(Beginning of DATA EXCERPTS)

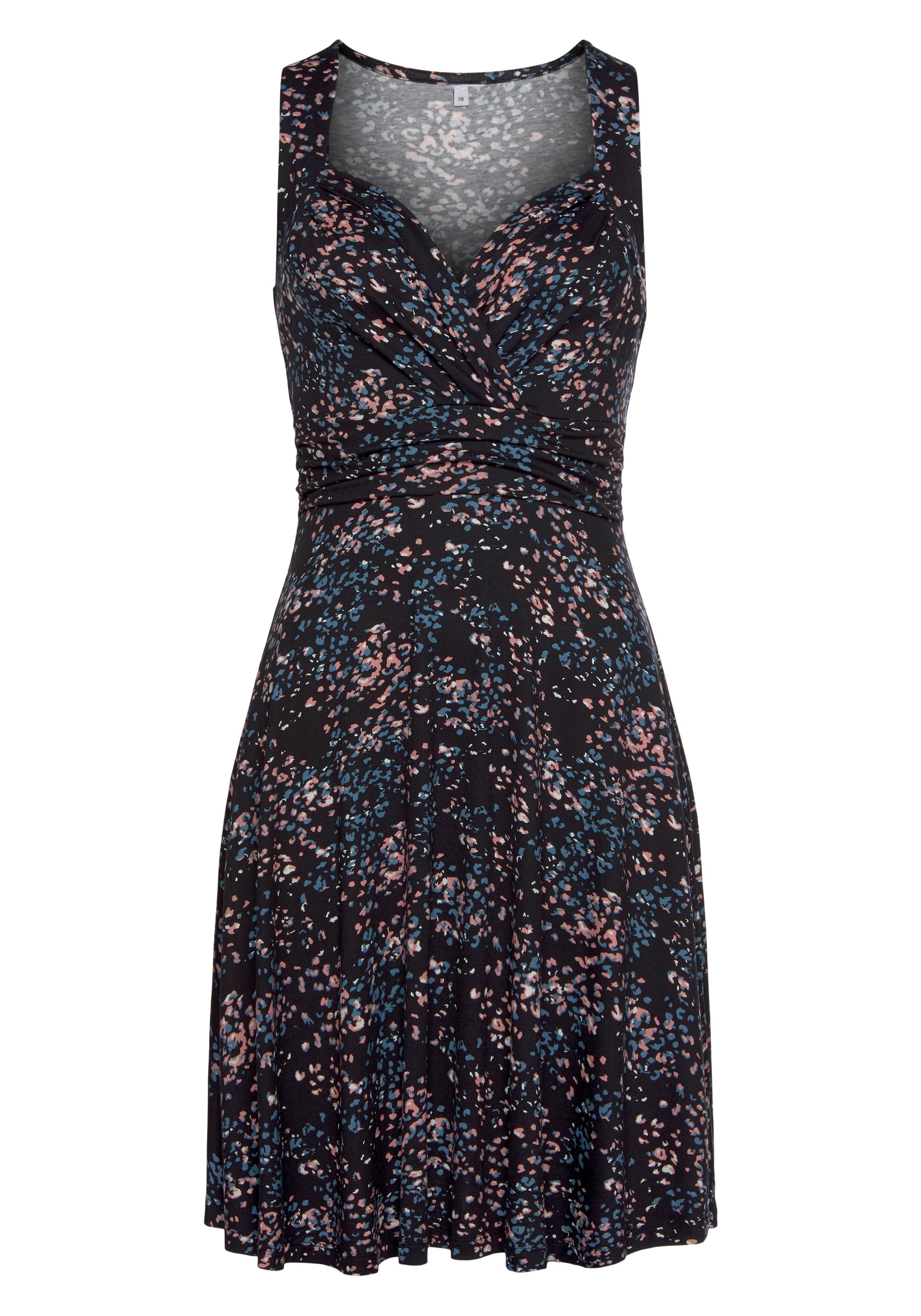 Vivance Jerseyjurk met all-over print in wikkel-look, zomerjurk, strandjurk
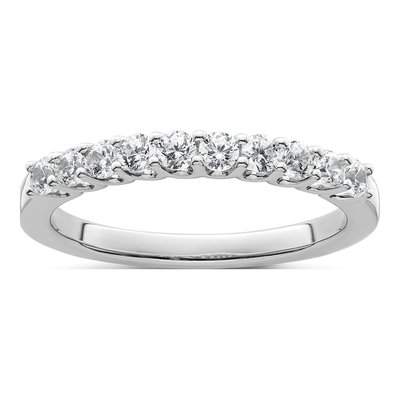 14K White Gold 1/2 ct tw Lab-Grown Diamond Wedding Band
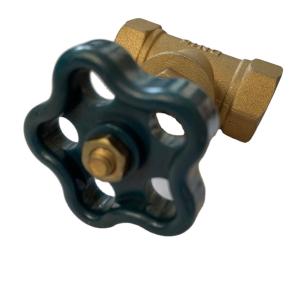 Quality Non Rusting 3/4inch Brass Water Stop Valve Bathroom Faucet Accessories wholesale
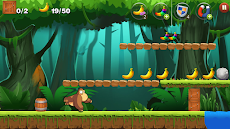 jungle 2 banana monkey runningのおすすめ画像2
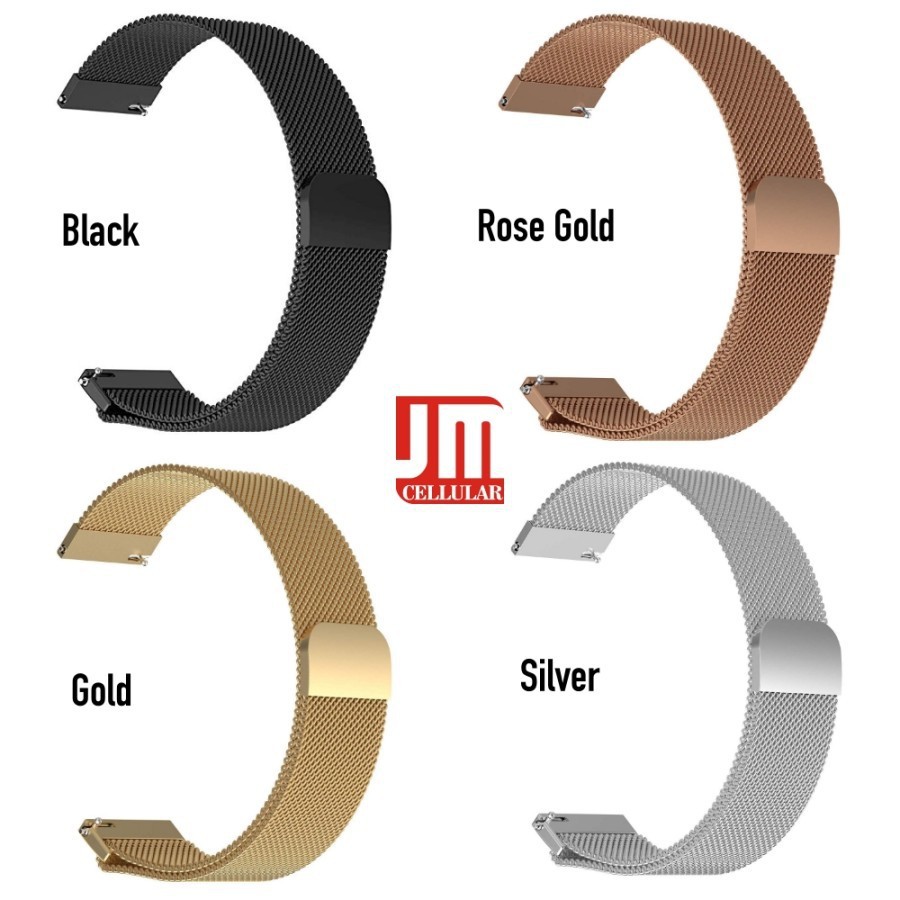 Tali Jam 22mm Watch Strap Realme Watch 2 / Pro - Milanese Loop Magnetic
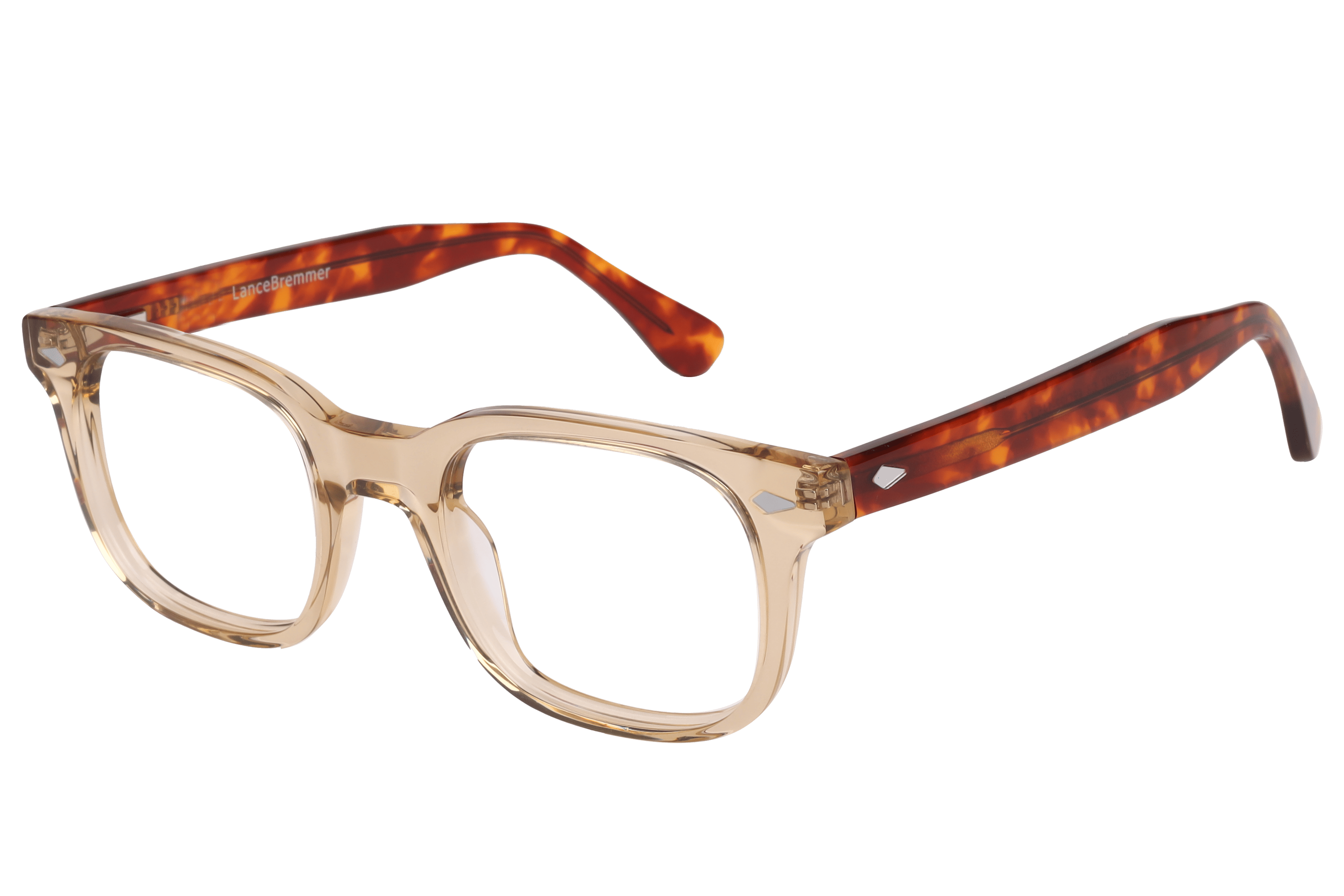 Lancebremmer ASR3007 Frame Transparent Brown Unisex Full She Frame — Transparent Brown frame — alternate view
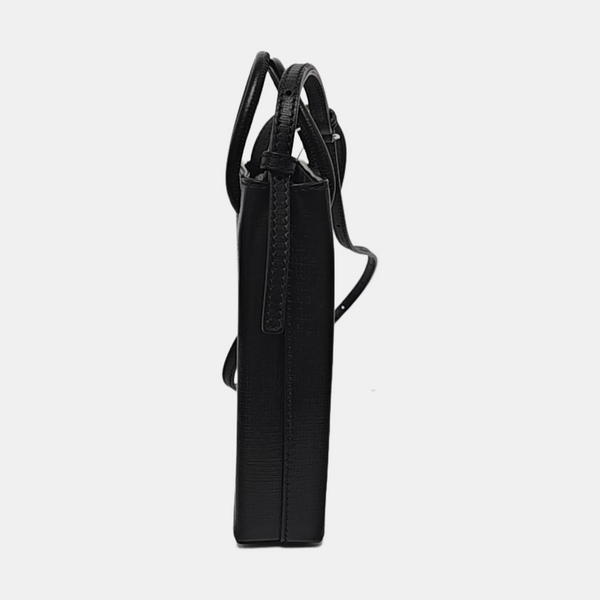 Shopping Bag Calfskin Black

(End of DATA EXCERPTS)

Return every entry unchanged and skip the pictures.

 Vivance Jerseyjurk met all-over print in wikkel-look, zomerjurk, strandjurk
 14K White Gold 1/2 ct tw Lab-Grown Diamond Wedding Band
 Quality Non Rusting 3/4inch Brass Water Stop Valve Bathroom Faucet Accessories wholesale
 jungle 2 banana monkey runningのおすすめ画像2
 Tali Jam 22mm Watch Strap Realme Watch 2 / Pro - Milanese Loop Magnetic
 Lancebremmer ASR3007 Frame Transparent Brown Unisex Full She Frame — Transparent Brown frame — alternate view
 Shopping Bag Calfskin Black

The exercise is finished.